Stored data:
*** Block opens ***

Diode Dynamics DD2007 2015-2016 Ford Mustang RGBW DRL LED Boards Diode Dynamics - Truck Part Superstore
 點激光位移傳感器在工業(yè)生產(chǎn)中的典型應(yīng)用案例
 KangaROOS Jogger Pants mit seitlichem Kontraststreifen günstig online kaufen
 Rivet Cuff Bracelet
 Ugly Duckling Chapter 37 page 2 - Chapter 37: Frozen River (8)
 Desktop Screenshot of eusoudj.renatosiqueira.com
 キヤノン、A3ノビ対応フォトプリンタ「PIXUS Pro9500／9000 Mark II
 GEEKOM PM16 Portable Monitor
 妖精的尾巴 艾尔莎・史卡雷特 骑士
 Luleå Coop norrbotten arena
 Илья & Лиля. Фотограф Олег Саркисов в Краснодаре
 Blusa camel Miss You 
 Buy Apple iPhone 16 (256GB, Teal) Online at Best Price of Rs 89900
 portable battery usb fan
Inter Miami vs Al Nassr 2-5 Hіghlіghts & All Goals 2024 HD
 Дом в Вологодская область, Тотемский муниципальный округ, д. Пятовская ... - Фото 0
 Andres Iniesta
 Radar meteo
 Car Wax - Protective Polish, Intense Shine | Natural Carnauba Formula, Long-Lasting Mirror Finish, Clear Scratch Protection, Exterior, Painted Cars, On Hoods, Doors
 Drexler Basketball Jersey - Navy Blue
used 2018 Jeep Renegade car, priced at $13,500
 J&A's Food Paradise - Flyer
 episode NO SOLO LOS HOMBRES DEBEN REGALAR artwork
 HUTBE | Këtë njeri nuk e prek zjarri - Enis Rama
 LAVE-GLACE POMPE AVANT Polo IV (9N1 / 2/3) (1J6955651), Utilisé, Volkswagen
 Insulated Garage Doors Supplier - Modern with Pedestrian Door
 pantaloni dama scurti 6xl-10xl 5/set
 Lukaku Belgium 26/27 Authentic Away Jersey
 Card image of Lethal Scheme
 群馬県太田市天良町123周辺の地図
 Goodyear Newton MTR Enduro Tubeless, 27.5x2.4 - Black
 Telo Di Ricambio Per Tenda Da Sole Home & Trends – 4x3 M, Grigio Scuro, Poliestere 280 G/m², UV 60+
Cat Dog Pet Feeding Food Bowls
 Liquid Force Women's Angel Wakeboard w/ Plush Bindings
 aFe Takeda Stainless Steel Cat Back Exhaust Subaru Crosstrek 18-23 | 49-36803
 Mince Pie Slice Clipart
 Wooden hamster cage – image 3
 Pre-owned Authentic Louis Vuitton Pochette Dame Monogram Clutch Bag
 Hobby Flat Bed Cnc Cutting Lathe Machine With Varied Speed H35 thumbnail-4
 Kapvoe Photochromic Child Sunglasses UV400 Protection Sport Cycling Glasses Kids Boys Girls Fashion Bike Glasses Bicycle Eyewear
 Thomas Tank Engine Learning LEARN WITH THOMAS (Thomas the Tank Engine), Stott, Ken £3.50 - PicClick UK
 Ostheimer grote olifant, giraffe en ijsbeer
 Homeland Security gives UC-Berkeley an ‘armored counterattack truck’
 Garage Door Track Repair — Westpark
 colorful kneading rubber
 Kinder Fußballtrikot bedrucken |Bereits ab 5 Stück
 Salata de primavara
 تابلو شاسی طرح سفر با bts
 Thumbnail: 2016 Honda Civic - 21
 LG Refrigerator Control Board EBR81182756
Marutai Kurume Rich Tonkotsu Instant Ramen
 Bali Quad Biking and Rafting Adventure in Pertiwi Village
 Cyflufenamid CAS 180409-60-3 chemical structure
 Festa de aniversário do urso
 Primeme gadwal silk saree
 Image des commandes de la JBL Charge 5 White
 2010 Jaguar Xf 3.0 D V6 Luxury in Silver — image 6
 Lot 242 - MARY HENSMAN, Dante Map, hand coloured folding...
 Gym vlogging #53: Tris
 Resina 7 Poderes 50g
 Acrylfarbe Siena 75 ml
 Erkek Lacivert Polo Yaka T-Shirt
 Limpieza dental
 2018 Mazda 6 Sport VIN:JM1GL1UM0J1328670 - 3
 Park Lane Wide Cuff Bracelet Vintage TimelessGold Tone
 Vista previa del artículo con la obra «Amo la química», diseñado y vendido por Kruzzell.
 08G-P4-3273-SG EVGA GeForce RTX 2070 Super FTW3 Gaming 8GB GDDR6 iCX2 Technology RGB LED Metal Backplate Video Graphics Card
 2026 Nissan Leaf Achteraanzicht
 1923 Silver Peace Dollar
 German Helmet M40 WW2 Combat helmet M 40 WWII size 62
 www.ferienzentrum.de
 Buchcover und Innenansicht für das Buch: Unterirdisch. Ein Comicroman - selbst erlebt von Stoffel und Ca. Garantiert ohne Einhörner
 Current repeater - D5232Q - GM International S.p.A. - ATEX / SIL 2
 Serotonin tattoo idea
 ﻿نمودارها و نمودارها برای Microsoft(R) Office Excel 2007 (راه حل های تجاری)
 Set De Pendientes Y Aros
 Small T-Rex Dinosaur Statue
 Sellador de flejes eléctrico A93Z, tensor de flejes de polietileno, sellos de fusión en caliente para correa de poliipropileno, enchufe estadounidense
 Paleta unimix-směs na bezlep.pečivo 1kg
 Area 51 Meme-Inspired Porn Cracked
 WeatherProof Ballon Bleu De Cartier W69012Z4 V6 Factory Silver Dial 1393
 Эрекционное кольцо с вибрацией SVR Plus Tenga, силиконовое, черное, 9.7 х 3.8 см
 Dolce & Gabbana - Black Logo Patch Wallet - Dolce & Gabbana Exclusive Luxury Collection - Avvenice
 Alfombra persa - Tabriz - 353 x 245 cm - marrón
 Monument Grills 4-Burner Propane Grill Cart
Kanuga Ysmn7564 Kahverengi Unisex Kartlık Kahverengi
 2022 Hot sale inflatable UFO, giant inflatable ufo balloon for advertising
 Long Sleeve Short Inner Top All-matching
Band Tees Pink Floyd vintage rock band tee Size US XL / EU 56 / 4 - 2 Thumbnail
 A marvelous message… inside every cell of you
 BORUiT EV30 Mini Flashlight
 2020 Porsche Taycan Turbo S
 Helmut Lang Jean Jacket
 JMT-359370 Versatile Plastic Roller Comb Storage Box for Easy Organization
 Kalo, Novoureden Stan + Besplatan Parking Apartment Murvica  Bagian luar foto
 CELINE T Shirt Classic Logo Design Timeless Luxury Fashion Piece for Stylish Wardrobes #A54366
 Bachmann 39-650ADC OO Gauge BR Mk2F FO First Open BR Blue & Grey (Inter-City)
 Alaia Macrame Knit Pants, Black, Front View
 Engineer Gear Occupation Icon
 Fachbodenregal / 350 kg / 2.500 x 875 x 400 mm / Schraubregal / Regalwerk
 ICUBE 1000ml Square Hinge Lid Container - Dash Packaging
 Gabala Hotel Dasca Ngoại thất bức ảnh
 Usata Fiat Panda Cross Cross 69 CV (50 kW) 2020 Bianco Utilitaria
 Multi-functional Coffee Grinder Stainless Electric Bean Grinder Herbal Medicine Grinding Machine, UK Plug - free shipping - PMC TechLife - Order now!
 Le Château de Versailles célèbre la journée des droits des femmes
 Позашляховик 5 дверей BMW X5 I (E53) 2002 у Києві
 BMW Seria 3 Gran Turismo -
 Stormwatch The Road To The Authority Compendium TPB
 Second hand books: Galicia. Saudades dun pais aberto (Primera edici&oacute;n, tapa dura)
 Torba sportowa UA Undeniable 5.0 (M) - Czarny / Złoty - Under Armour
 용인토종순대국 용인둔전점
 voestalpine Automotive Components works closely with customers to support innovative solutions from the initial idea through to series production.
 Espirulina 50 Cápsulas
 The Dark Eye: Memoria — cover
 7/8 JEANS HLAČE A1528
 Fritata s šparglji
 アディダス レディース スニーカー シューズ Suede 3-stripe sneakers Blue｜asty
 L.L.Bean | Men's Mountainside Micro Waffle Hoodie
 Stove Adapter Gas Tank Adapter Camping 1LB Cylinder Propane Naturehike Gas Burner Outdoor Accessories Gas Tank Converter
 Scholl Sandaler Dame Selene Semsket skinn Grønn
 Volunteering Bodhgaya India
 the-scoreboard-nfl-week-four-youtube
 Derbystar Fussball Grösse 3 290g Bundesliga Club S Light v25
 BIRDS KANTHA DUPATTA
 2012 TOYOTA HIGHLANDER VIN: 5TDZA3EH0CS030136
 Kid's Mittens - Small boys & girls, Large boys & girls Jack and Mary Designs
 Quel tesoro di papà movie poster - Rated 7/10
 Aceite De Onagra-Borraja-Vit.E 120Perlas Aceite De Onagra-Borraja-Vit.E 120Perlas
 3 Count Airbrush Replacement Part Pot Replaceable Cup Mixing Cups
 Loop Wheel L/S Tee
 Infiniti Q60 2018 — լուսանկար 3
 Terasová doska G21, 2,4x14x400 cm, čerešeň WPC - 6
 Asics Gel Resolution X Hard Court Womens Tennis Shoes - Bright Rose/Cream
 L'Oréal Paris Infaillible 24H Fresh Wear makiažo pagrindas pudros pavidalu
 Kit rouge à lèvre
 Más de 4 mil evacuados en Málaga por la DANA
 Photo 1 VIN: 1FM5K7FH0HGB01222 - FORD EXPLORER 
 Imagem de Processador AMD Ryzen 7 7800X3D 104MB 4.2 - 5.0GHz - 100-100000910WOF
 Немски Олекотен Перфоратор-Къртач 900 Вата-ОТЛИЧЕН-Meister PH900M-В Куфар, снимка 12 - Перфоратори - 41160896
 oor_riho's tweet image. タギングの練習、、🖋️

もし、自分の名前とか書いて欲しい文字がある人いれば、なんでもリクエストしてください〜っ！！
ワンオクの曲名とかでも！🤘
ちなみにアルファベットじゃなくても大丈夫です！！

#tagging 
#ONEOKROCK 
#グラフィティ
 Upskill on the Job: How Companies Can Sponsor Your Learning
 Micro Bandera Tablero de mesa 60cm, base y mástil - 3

*** Block closes ***

Return a copy of each line in the entries that carries the string "Burner".

 Monument Grills 4-Burner Propane Grill Cart
 Stove Adapter Gas Tank Adapter Camping 1LB Cylinder Propane Naturehike Gas Burner Outdoor Accessories Gas Tank Converter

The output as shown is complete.